There is not much preparation required for iOS. Once the USB cable is connected, refresh the page; on the device you have to enter the passcode to unlock the device, and then once more to accept the "trust this computer" dialog. Even if you use touchID, passcode is required to enable the USB access. If you don't see the device, refresh the page couple of times, and check the phone if it went to "Enter passcode" mode and the "trust this computer" dialog.

Cast iOS Screens or Mirror Android Screens

It is possible to view your device screen(s) in real time on the macOS computer in a new window. This may be useful to have while you are running the scan (and especially if you use the privacy checkup feature), as it will be easy for you to see the mobile device screen(s) in real time on the Mac side-by-side with the scanner.

"Mirroring" vs "Casting": Mirroring Android devices allows you to not only view the mobile device’s screen, but also maneuver the screen directly with your mouse and even use your keyboard to input to the Android device. Casting iOS devices only allows you to view the device screen -- the iOS device itself must be maneuvered by hand.

How to do it: you can mirror Android device screens in a new window using scrcpy, and cast iOS device screens on macOS with QuickTime 10 (launch it and click File --> New Movie Recording --> (on dropdown by red button) the iPhone/iPad name).

Downloaded data

The data downloaded and stored in the study are the following.

  1. A sqlite database containing the feed back and actions taken by the user.
  2. phone_dump/ folder will have dump of some services in the phone. (For Android I have figured out what are these, for Ios I don't know how to get those information.)
Android

The services that we can dump safely using dumpsys are the following.

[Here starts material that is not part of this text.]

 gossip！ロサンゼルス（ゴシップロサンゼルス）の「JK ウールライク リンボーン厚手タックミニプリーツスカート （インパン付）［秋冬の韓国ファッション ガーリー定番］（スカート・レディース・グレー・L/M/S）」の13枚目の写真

  • Application static details: package
  • Sensor and configuration info: location, media.camera, netpolicy, mount
  • Resource information: cpuinfo, dbinfo, meminfo
  • Resource consumption: procstats, batterystats, netstats, usagestats
  • App running information: activity, appops

See a details about the services in notes.md

iOS

Only the appIds, and their names. Also, I got "permissions" granted to the application. I don't konw how to get install date, resource usage, etc. (Any help will be greatly welcomed.)

Code structure

  • phone_scanner.py has all the logic required to communicate with Android and iOS devices.
  • parse_dump.py has all of the logic required to extract dumped info from the devices. After the initial scan, the server will rely on this parser rather than needing an active connection to the device (work in progress). For now, please keep your device plugged in when looking at scan results.
  • server.py is the flask webserver.
  • templates/ folder contains the html templates rendering in the UI
  • webstatic/ folder contains the .css and .js files
  • phone_dumps/ folder will contain the data recorded from the phone.

TODO

  1. https://docs.google.com/document/d/1fy6RTo9Gc0rBUBHAhKfSmqI99PSPCBsAdEUIbpGIkzQ/edit
  2. How to figure out off-store apps in Android and iOS? Check the installer in adb shell pm packages -i
  3. For iOS, how to find out app installation dates, resource usage, etc?
  4. Explore viability of WebUSB and WebADB.

See notes.md for other developer helps.